A lot of exploratory analysis was done during the model training, data extractions, transformation and feature engineering tasks. Sample visualizations are shown below:

Model comparison: A histogram day wise representation for differences i.e. actuals — predictions to confirm

which model performed better and yielded better results.

Days Comparison: A histogram representation for differences i.e. actuals — predictions to confirm which days of the week yielded better results. Day 1 (Monday) had the worst predictions for the week, while Thursday and Friday yielded the best results. The optimum scenario would be when histograms for all days would be congregated in the center which is zero difference between actuals and predictions. The x axis represents the difference in seconds between the predicted and actual travel times while the y axis is the number of test transactions that made up the criteria.

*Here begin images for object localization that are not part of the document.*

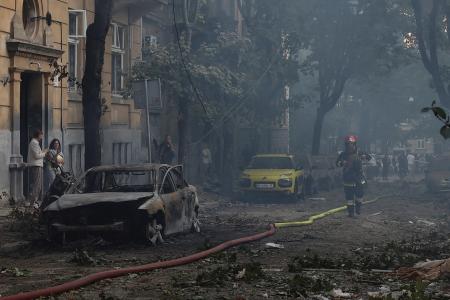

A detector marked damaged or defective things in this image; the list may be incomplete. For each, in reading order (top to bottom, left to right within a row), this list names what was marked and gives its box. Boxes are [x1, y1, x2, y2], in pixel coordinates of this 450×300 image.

burned car [42, 164, 200, 244]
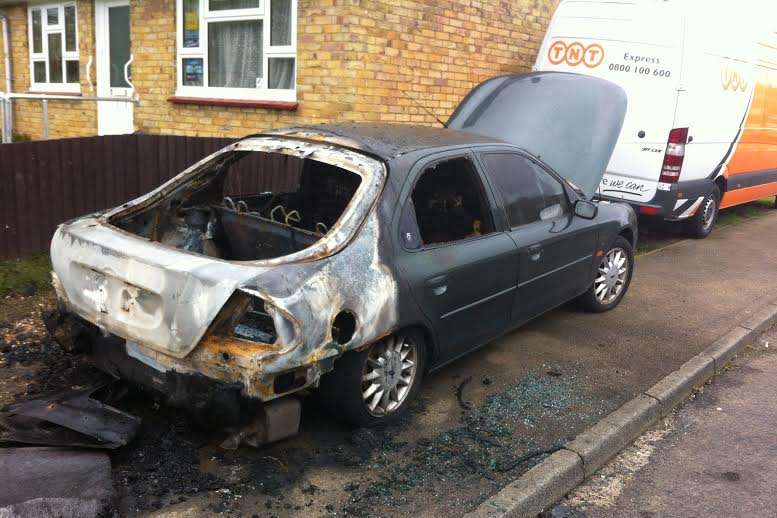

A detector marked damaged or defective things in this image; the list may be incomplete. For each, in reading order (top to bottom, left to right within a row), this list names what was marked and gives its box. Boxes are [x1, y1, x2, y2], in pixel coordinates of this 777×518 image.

damaged hood [446, 70, 628, 198]
charred interior [112, 152, 364, 262]
burnt car [47, 73, 632, 430]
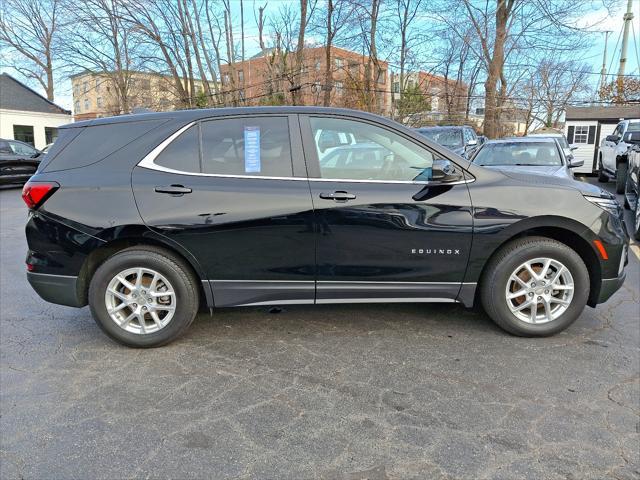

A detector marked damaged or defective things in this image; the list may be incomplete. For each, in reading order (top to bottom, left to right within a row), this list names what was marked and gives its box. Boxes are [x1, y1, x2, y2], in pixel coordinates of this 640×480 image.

cracked asphalt pavement [0, 178, 636, 478]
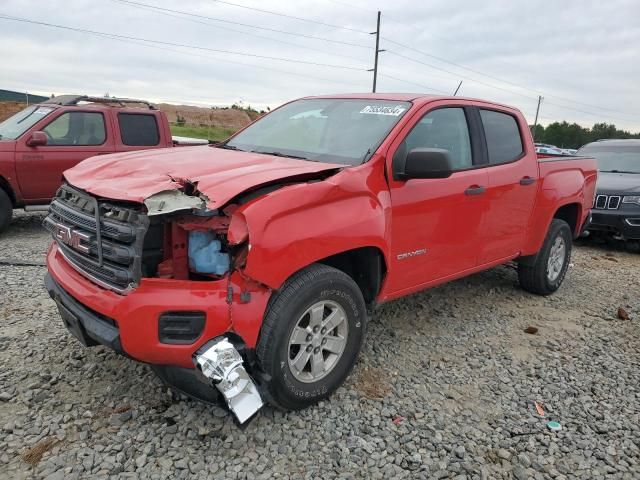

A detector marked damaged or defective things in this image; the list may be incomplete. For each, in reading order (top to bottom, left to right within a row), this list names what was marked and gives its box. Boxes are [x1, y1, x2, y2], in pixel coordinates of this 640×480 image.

damaged hood [64, 146, 342, 210]
crumpled fender [231, 165, 388, 288]
detached bumper piece [195, 338, 264, 424]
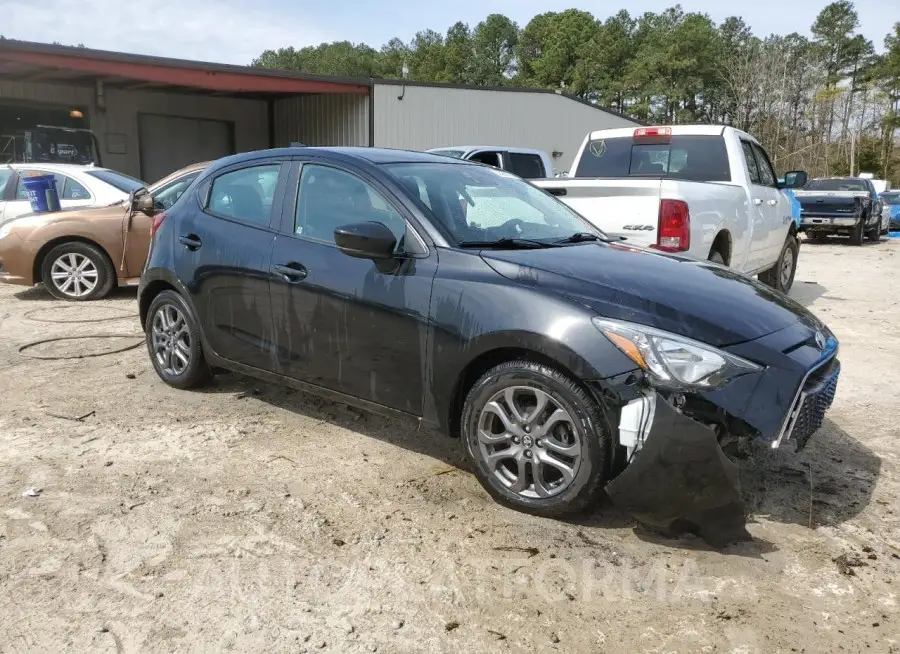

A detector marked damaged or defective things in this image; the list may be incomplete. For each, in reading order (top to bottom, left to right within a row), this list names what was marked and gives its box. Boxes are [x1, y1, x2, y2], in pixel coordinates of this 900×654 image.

damaged front bumper [608, 394, 748, 548]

A scatter plot to review the predictions during week days and weekends for 2 different Corridors are below. It might seem from the results below, that the I-80 corridor has more sporadic results and differences when compared to a smoother result for I-495. However, the MSE of the I-80 was much less than I-495 because the I-80 test number of records are much higher than the I-495. The difference between the predicted and actual travel times on the y axis is in seconds, x axis is the epoch code, and the blue dots represent weekend transactions while the orange dots represent week day transactions.

Summary

The project proved to be successful as the performance metrics were in the expected range. However data science projects turn to be an evolution and a learning process. Hence some recommendations are:

a) Revisit the clean up activities, outlier detection logic and feature engineering activities within the data engineering domain

b) Further data exploration and analysis must be conducted, such as different time periods, TMC’s, seasonality, locations, incidents, and pandemic impact

c) More and rapid experimentation must be performed, with more epochs, more features, different algorithms such as Ensemble techniques such as XG boost, etc.

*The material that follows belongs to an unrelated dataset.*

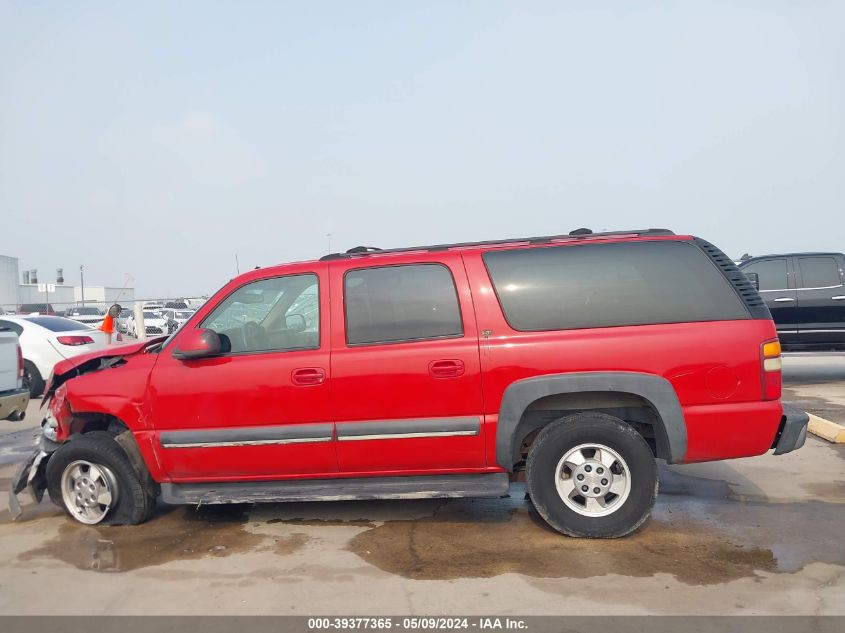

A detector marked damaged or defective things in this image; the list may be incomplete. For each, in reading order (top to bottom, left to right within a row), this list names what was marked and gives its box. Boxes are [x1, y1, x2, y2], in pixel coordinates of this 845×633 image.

damaged front bumper [7, 442, 51, 520]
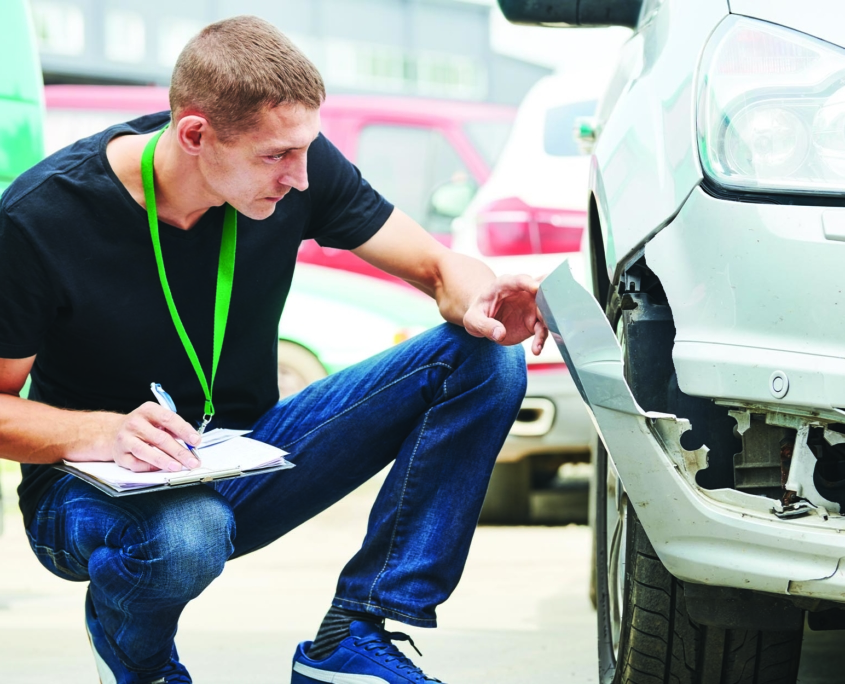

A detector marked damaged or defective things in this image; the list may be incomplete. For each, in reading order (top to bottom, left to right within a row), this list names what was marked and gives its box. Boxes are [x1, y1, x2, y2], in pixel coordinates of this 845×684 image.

damaged front bumper [536, 264, 844, 600]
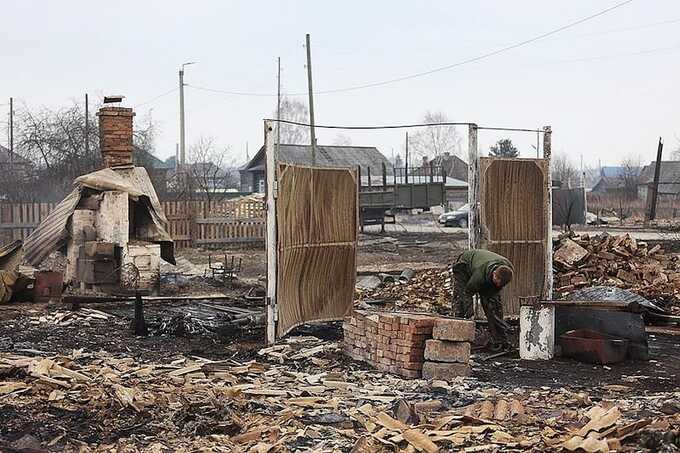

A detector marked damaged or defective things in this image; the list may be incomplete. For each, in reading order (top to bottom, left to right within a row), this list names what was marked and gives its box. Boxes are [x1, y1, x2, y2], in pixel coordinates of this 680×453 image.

d) Develop unsupervised algorithm to predict traffic peak time, seasonality, holiday impacts to feed(ingest) to the LSTM models

e) Review additional autoencoder design options

f) Develop better metrics for performance improvement and bench marking the various models

g) Operationalize the models by predicting various future time intervals, and experiment multiple models for prediction

References

Rose Yu, Yaguang Li, Cyrus Shahabi, Ugur Demiryurek, and Yan Liu. Deep Learning: A Generic Approach for Extreme Condition Traffic Forecasting, Proceedings of the 2017 SIAM International Conference on Data Mining. 2017, pg 777–785.

Harris, C.R., Millman, K.J., van der Walt, S.J. et al. Array programming with NumPy. Nature 585, 357–362(2020). DOI: 0.1038/s41586–020–2649–2

Pedregosa et al, Scikit-learn: Machine Learning in Python, JMLR 12, pp. 2825–2830, 2011.

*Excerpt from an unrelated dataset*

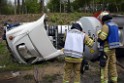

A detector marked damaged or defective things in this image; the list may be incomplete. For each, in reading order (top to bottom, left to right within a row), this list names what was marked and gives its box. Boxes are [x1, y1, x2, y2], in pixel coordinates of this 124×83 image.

overturned white truck [4, 13, 124, 64]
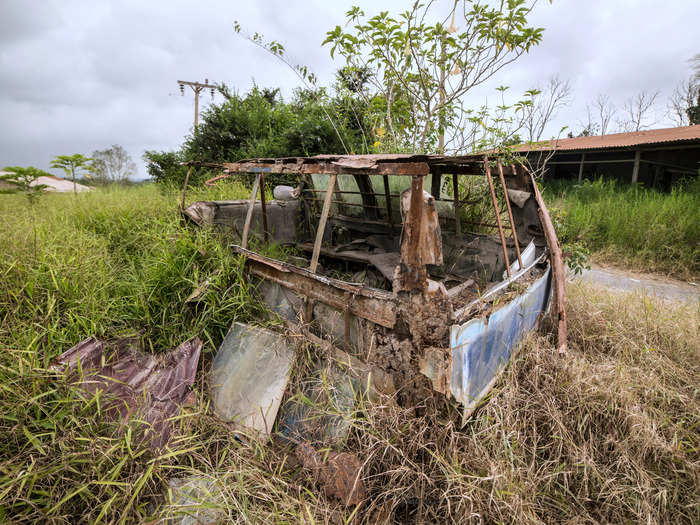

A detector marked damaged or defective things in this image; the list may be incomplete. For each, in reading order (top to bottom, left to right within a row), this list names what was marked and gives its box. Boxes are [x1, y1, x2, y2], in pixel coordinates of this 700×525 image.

Sepp Hochreiter and Jürgen Schmidhuber. 1997. Long Short-Term Memory. Neural Comput. 9, 8 (November 15, 1997), 1735–1780. DOI:https://doi.org/10.1162/neco.1997.9.8.1735

X. Ma, Z. Tao, Y. Wang, H. Yu, and Y. Wang, Long short-term memory neural network for traffic speed prediction using remote microwave sensor data, Transportation Research Part C: Emerging Technologies, 54 (2015), pp. 187–197.

J. Van Lint, S. Hoogendoorn, and H. Van Zuylen, Freeway travel time prediction with state-space neural networks: modeling state-space dynamics with recurrent neural networks, Journal of the Transportation Research Board, (2002), pp. 30–39.